Tsukuyomi (月詠) is a Shinmei Ryuu swordswoman, is one of the three mercenaries hired to help Chigusa. Unlike Setsuna who uses a single sword style, she uses a sword and dagger style. She later joins with Fate in the Magic World, gathering information and spying on White Wing. She has an obsession with fighting Setsuna, often exhibiting bloodlust when doing so. She also exhibits the tendencies of being a sadist. She is shown to wield the fey blade "Hina" in the latest chapters. She appears briefly in UQ Holder with the name Tsukuyomi Iwai, where she fights on Fate's Ala Alba team.

===The Master of the Grave===
A mysterious mage at the same size as Fate Averruncus, who first appeared at the Gateport and probably is the one who destroyed the gateport's magical barrier. She is the one who called out Poyo Rainyday for the battle, the older sister of Zazie Rainyday. In chapter 314 it seems that she might be an ancestor of Asuna and Negi, since Negi somehow recognized her and she called Negi; "my descendant". Furthermore, she also looks like Asuna. The reason she has been working with Cosmo Entelechheia has never been revealed.

===Poyo Rainyday===
Poyo Rainyday is Zazie's sister, and one of the higher ranked Demonfolk. She got the artifact: "Magical Lantern Circus", which is an illusion of "the perfect world" ("cosmo entelecheia").

==Other antagonists==

===Chigusa Amagasaki===

Chigusa Amagasaki (天ヶ崎 千草) was Negi's first major antagonist, the one responsible for causing trouble at beginning of the school field trip. She tried to stop Negi from giving a letter from Mahora's headmaster, to Konoe, chief of Kansai Magic Association, because she feared improved relations between the Kansai and Kantō Magic Associations. She bears a grudge against Western mages, because her parents were killed in the great magic war that both Eastern and Western mages fought in twenty years ago.

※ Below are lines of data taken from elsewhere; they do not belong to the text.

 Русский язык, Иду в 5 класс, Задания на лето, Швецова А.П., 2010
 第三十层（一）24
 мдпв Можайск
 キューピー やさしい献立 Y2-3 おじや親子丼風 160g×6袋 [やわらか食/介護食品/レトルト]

Seeking revenge against Western mages, Chigusa captured Konoka, intending to use the young girl's magic potential to summon the demon god "Ryōmen Sukuna-no-Kami". She succeeded in doing so, but the demon god was defeated easily by Evangeline. Chigusa attempted to flee but was captured by Chachazero, and is now under the custody of the Kansai Magic Association.

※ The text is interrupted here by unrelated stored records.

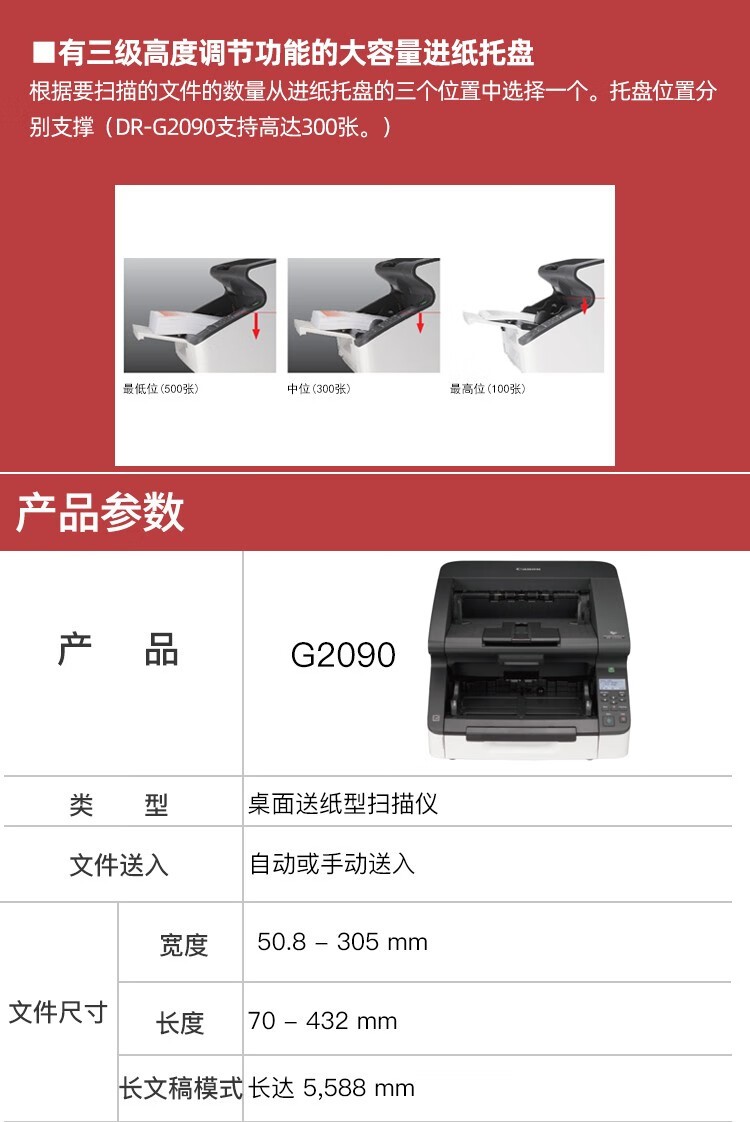 佳能（Canon）DR-G2090 A3扫描仪 彩色双面 专业高速文件 阅卷专用扫描仪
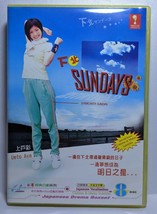 Japanese Drama VCD-Shimokita Sunday - £25.45 GBP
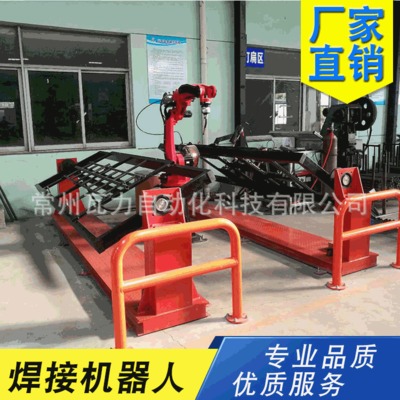 6軸焊接機器人自動焊接機械手 工業(yè)機器人 廠家定制焊接機器人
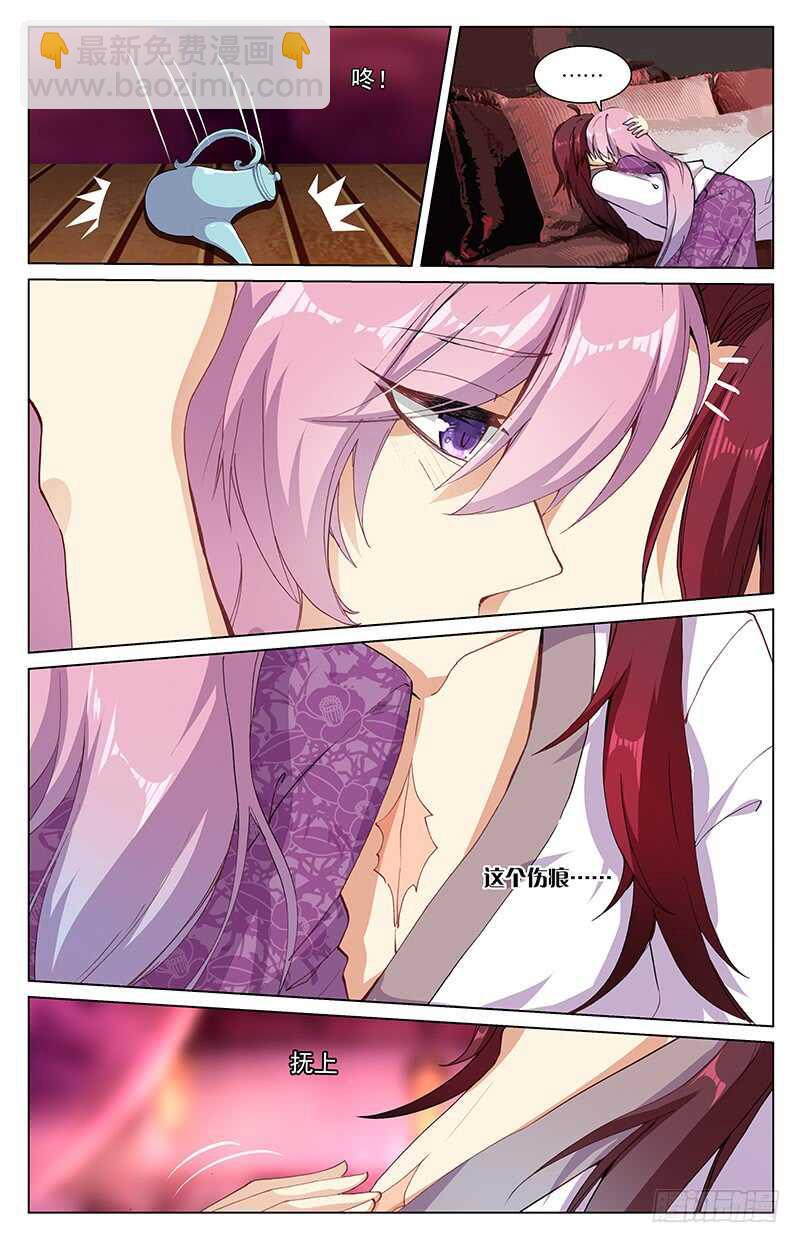 94 陨丹（中）-第94话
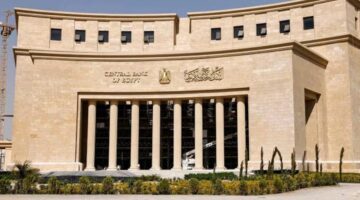 موعد اجتماع البنك المركزي المقبل لحسم أسعار الفائدة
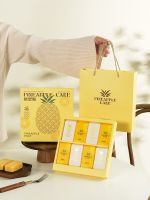 【DT】 hot  Pineapple Crisp Packaging Box Gift Box Portable Packaging Bag Baking Pastry Machine Sealed Bag Cake Boxes Packaging Candy Box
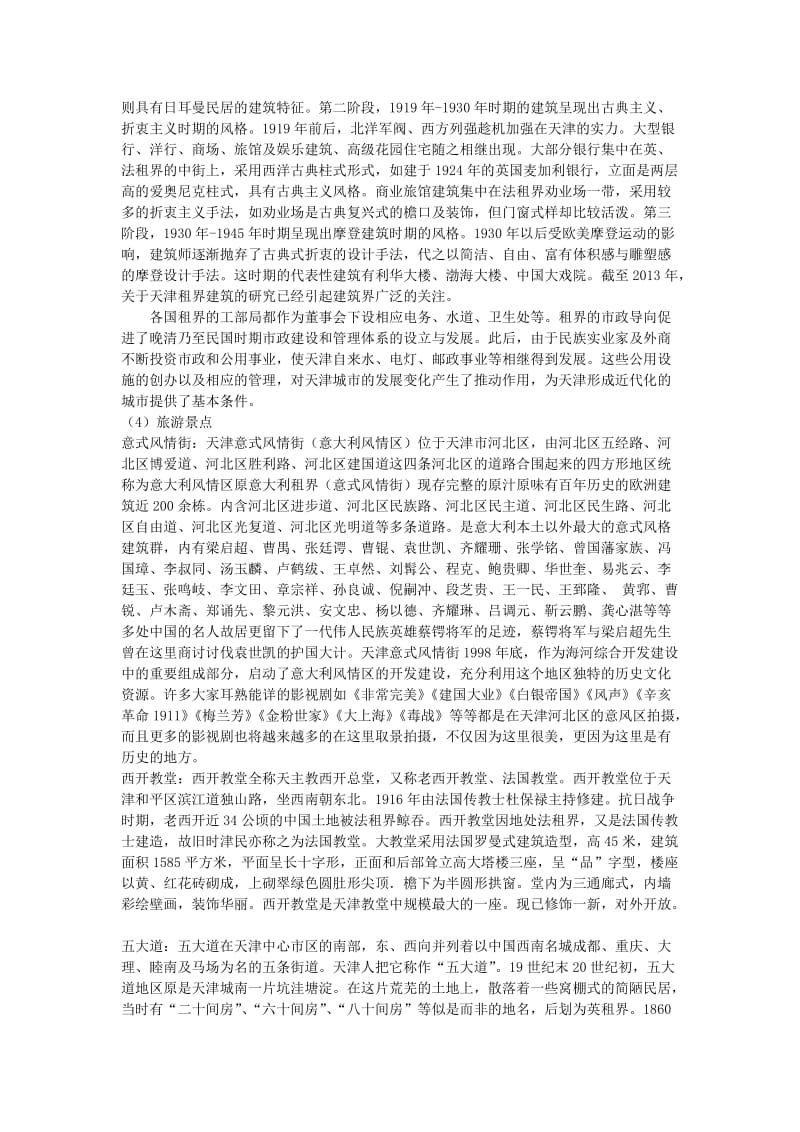 天津租界史调查报告.doc_第3页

===Graf Wilhelm Josef Von Herrman===

Graf Wilhelm Josef Von Herrman (ヴィルヘルム・ヨーゼフ・フォン・へルマン, Viruherumu Yōzefu Fon Heruman) is a high level demon, who poses as a descendant of a line of German counts. He is one of the many demons who attacked Negi's village and the one who turned nearly everyone in the village to stone. He is sealed during the attack and released to gauge the threat that Negi and Asuna represent, and to temporarily disable Negi from combat. He is defeated by Negi and Kotaro, though Negi spares his life. He is connected to Fate Averruncus and his group.

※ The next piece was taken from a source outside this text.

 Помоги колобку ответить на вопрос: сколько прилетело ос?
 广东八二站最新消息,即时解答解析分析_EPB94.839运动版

In his human form, he looks like an elderly gentleman wearing a suit and a hat. He is a very strong physical fighter, with a fighting style that seems rooted in boxing, who can use magic without chanting. However, his greatest weapon is his petrification spell. He permanently petrified the citizens of Negi's childhood home. This petrification is seemingly incurable; however, it is revealed in the final volume that Konoka is capable of developing her powers sufficiently enough to restore the citizens.

== Explanatory notes ==
- "Ch." is shortened form for chapter and refers to a chapter number of the Negima manga.